It was believed that certain sounds (e.g. v, th) were hard to understand over the radio, particularly with high ambient background noise.

We were taught "fife" and "tree" in Basic but only noobs used them in real life.
 
.....tree......fibe.....niner......and sometimes when I get tongue twisted ....I've said..cleared to land.....one way one.......
 
It was believed that certain sounds (e.g. v, th) were hard to understand over the radio, particularly with high ambient background noise.

We were taught "fife" and "tree" in Basic but only noobs used them in real life.

Fife, tree and niner were created in the early days of marine radio long before airplanes carried radios. Largely due to the radio quality and HF frequencies that can really distort the transmission.
 
I say "niner" and "slant" as in "C172 slant Golf". Is "slant" in the AIM?
 
Does anyone know why fife and tree are recommended instead of five and three? Niner is obvious but I don't see the potential for misunderstanding with five and three.

Bureaucrats. If changing one was good, then changing more is better, right?
 
Bureaucrats. If changing one was good, then changing more is better, right?

:rolleyes2: you've never had to communicate on HF on a stormy night, or tried to understand a non native English speaker who doesn't form vowels the same way. This stuff was NOT brought about by bureaucrats, rather by professionals who needed to come up with an international standard that could be pronounced and understood by everyone over poor radio propagation conditions.
 
My Reg is N8843P Ive got three of them in there. I happen to use "Tree" so it doesn't sound like im saying 8,8,40,P. I dont say fow-er or pa-paa.
 
My Reg is N8843P Ive got three of them in there. I happen to use "Tree" so it doesn't sound like im saying 8,8,40,P. I dont say fow-er or pa-paa.

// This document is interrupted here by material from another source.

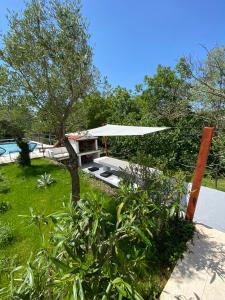 un jardín con una mesa y una sombrilla blanca en Wellness House Oliva with heated salt water Pool, Sauna & Jakuzzi en Labin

We have a guy near here with a number similar to yours. He'd say it as "four-three-pop".
 
I usually don't do anything special, not even niner. But I do say "kuhbeck" for Q because I speak French and "kwebeck" sounds so wrong. "Kuhbeck" isn't quite right either, but close enough :)
 
I usually don't do anything special, not even niner. But I do say "kuhbeck" for Q because I speak French and "kwebeck" sounds so wrong. "Kuhbeck" isn't quite right either, but close enough :)

I thought the phonetic pronunciation was Kay-beck.